THE PROBLEM:
Return exactly the span of lines in the following data that opens with the line containing "Галлюциногенные грибы Magic" and closes with the line containing "Аэлита примула Золотистая весенняя". Include nothing else.

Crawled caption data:
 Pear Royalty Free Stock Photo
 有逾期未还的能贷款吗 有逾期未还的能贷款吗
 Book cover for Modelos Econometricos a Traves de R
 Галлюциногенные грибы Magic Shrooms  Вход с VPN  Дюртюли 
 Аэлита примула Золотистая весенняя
* * *
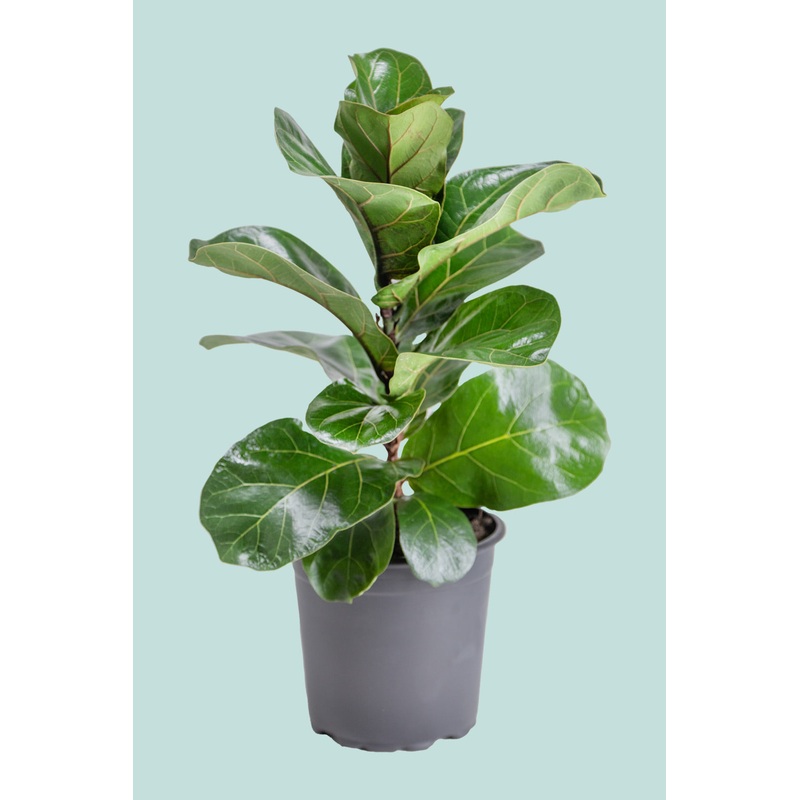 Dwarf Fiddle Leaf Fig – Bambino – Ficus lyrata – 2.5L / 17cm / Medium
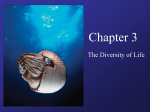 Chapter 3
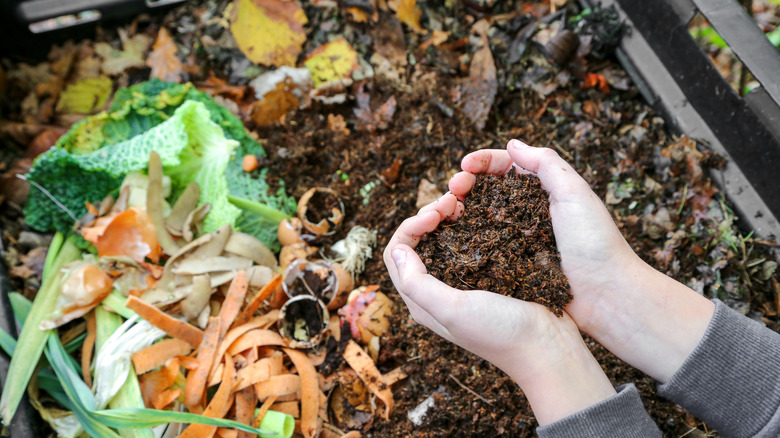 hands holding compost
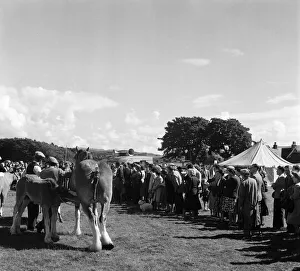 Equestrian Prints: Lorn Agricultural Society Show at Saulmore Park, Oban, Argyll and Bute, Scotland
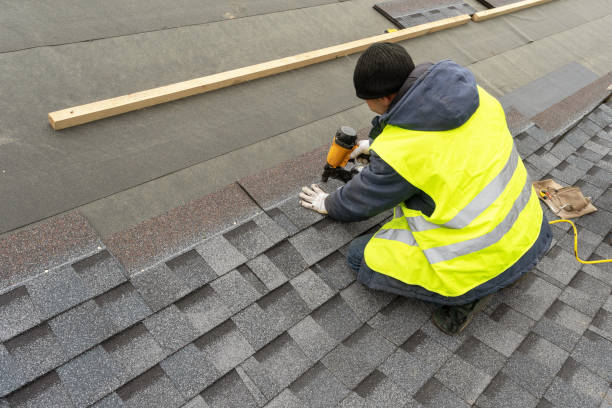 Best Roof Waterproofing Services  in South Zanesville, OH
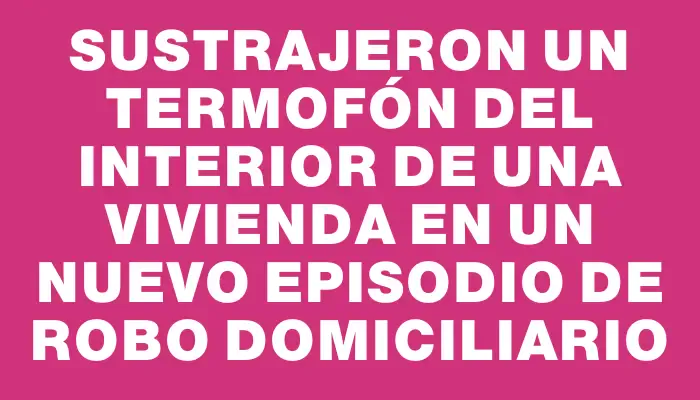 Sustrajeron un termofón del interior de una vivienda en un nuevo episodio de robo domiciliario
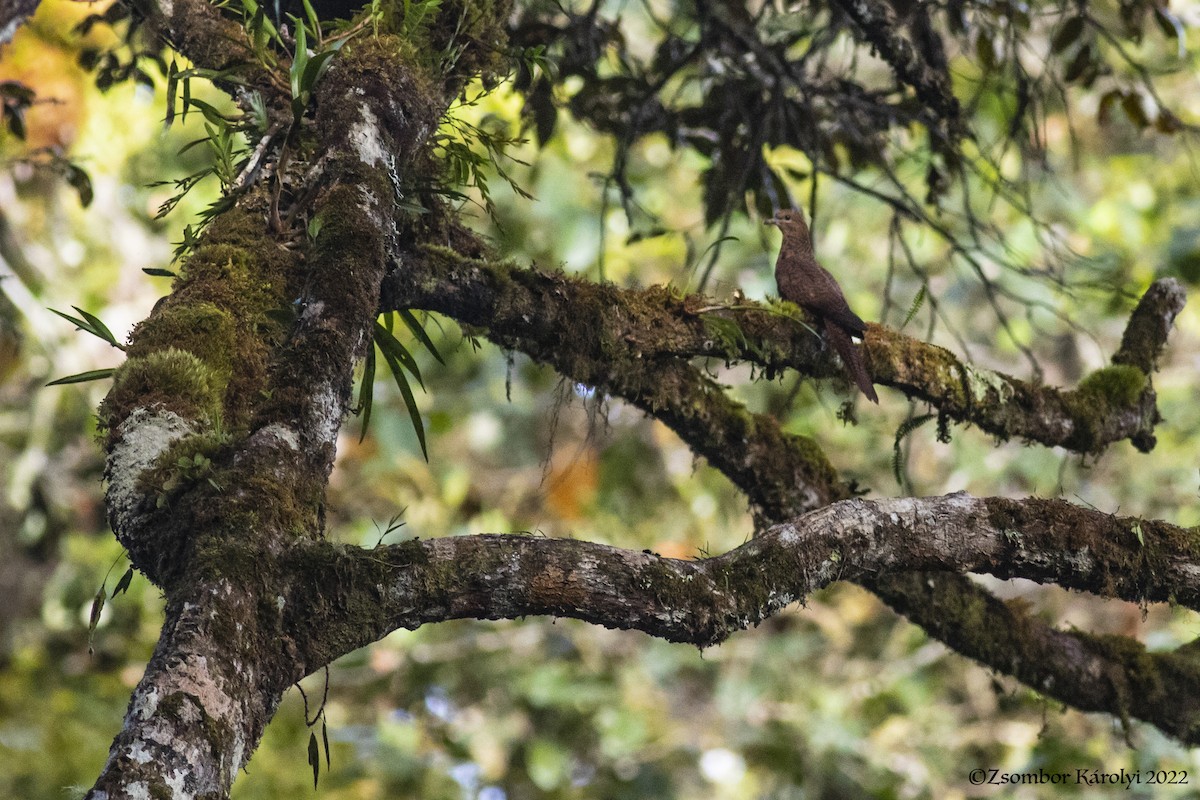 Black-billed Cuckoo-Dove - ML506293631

SOLUTION TO THIS PROBLEM:
 Галлюциногенные грибы Magic Shrooms  Вход с VPN  Дюртюли 
 Аэлита примула Золотистая весенняя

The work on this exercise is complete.